From f55a8816e2f7ac8fef19c0de6165a3e5dbd481d3 Mon Sep 17 00:00:00 2001
From: Pierre Riteau <pierre@stackhpc.com>
Date: Mon, 13 Dec 2021 18:04:58 +0100
Subject: [PATCH 1/3] Replace Monasca by EFK/Prometheus

---
 source/introduction.rst              |  12 --
 source/operations_and_monitoring.rst | 175 +++++++--------------------
 source/vars.rst                      |   2 +
 3 files changed, 43 insertions(+), 146 deletions(-)

diff --git a/source/introduction.rst b/source/introduction.rst
index 738f68c..8d40113 100644
--- a/source/introduction.rst
+++ b/source/introduction.rst
@@ -60,12 +60,6 @@ A command that must be run within the Bifrost service container, hosted on the s
 
 A command that can be run (as superuser) from a running compute instance.
 
-``monasca#``
-
-A command that must be run with OpenStack control plane admin credentials
-loaded, and the Monasca client and supporting modules available (whether in a
-virtualenv or installed in the OS libraries).
-
 Glossary of Terms
 -----------------
 
@@ -130,12 +124,6 @@ Glossary of Terms
       Multi-Chassis Link Aggregate - a method of providing multi-pathing and
       multi-switch redundancy in layer-2 networks.
 
-    Monasca
-      OpenStack’s monitoring service (“Monitoring as a Service at Scale”).
-      Logging, telemetry and events from the infrastructure, control plane and
-      user projects can be submitted and processed by Monasca.
-      https://docs.openstack.org/monasca-api/latest/
-
     Neutron
       OpenStack’s networking service.
       https://docs.openstack.org/neutron/latest/
diff --git a/source/operations_and_monitoring.rst b/source/operations_and_monitoring.rst
index c564cfa..9809e77 100644
--- a/source/operations_and_monitoring.rst
+++ b/source/operations_and_monitoring.rst
@@ -7,12 +7,12 @@ Operations and Monitoring
 Access to Kibana
 ================
 
-OpenStack control plane logs are aggregated from all servers by Monasca and
+OpenStack control plane logs are aggregated from all servers by Fluentd and
 stored in ElasticSearch.

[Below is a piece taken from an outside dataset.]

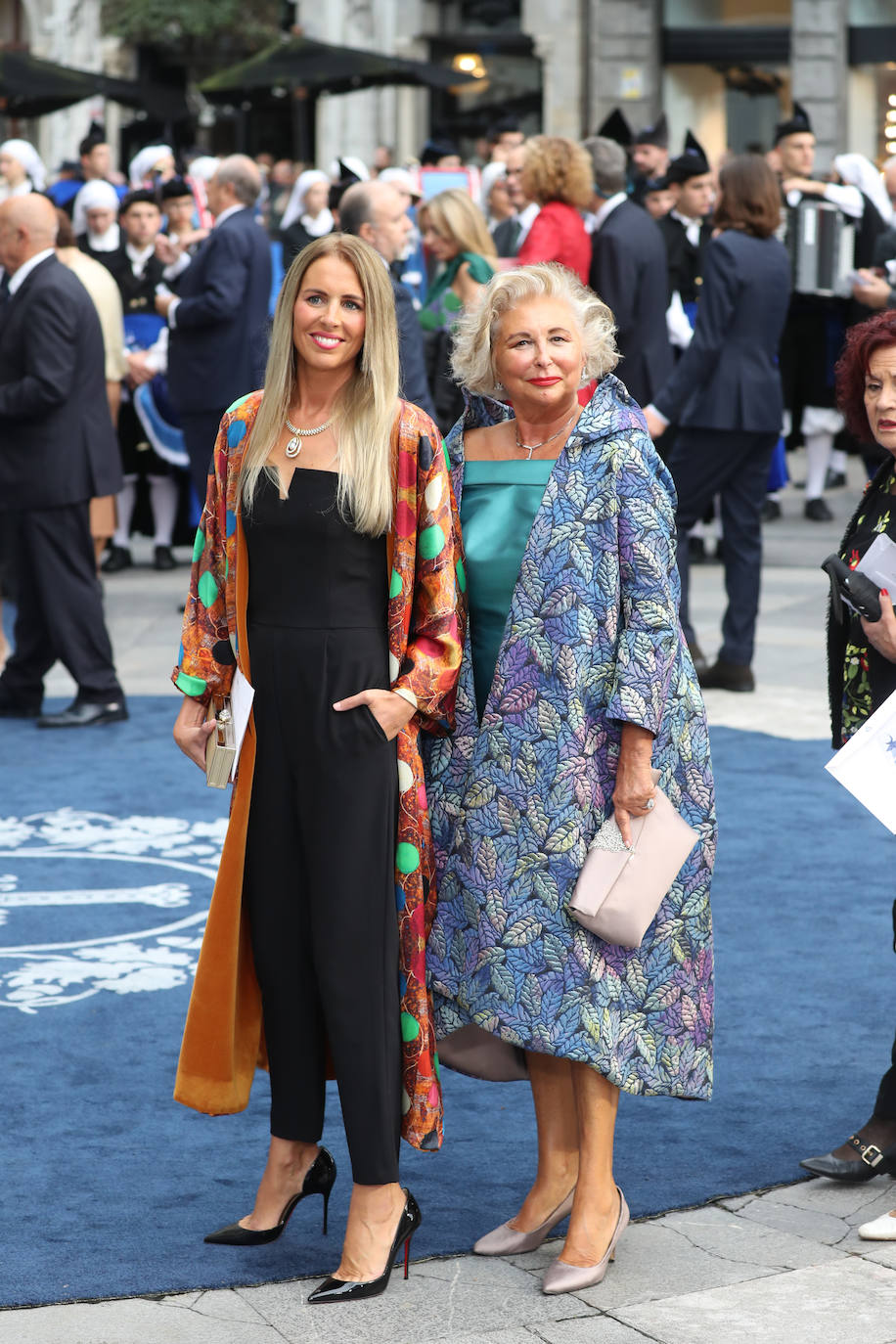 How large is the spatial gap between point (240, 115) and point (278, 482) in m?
24.5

The control plane logs can be accessed from
 ElasticSearch using Kibana, which is available at the following URL:
 |kibana_url|
 
-To login, use the ``kibana`` user. The password is auto-generated by
+To log in, use the ``kibana`` user. The password is auto-generated by
 Kolla-Ansible and can be extracted from the encrypted passwords file
 (|kolla_passwords|):
 
@@ -24,19 +24,32 @@ Kolla-Ansible and can be extracted from the encrypted passwords file
 Access to Grafana
 =================
 
-Monasca metrics can be visualised in Grafana dashboards. Monasca Grafana can be
+Control plane metrics can be visualised in Grafana dashboards. Grafana can be
 found at the following address: |grafana_url|
 
-Grafana uses Keystone authentication. To login, use valid OpenStack user
-credentials.
+To log in, use the |grafana_username| user. The password is auto-generated by
+Kolla-Ansible and can be extracted from the encrypted passwords file
+(|kolla_passwords|):
+
+.. code-block:: console
+   :substitutions:
+
+   kayobe# ansible-vault view ${KAYOBE_CONFIG_PATH}/kolla/passwords.yml --vault-password-file |vault_password_file_path| | grep ^grafana_admin_password
 
-To visualise control plane metrics, you will need one of the following roles in
-the ``monasca_control_plane`` project:
+Access to Prometheus Alertmanager
+=================================
+
+Control plane alerts can be visualised and managed in Alertmanager, which can
+be found at the following address: |alertmanager_url|
+
+To log in, use the ``admin`` user. The password is auto-generated by
+Kolla-Ansible and can be extracted from the encrypted passwords file
+(|kolla_passwords|):
+
+.. code-block:: console
+   :substitutions:
 
-* ``admin``
-* ``monasca-user``
-* ``monasca-read-only-user``
-* ``monasca-editor``
+   kayobe# ansible-vault view ${KAYOBE_CONFIG_PATH}/kolla/passwords.yml --vault-password-file |vault_password_file_path| | grep ^prometheus_alertmanager_password
 
 Migrating virtual machines
 ==========================
@@ -246,6 +259,7 @@ Monitoring
 
 * `Back up InfluxDB <https://docs.influxdata.com/influxdb/v1.8/administration/backup_and_restore/>`__
 * `Back up ElasticSearch <https://www.elastic.co/guide/en/elasticsearch/reference/current/backup-cluster-data.html>`__
+* `Back up Prometheus <https://prometheus.io/docs/prometheus/latest/querying/api/#snapshot>`__
 
 Seed
 ----
@@ -260,137 +274,30 @@ Ansible control host
 Control Plane Monitoring
 ========================
 
-Monasca has been configured to collect logs and metrics across the control
-plane. It provides a single point where control plane monitoring and telemetry
-data can be analysed and correlated.
-
-Metrics are collected per server via the `Monasca Agent
-<https://opendev.org/openstack/monasca-agent>`__. The Monasca Agent is deployed
-and configured by Kolla Ansible.
+The control plane has been configured to collect logs centrally using the EFK
+stack (Elasticsearch, Fluentd and Kibana).
 
-Logging to Monasca is done via a `Fluentd output plugin
-<https://github.com/monasca/fluentd-monasca>`__.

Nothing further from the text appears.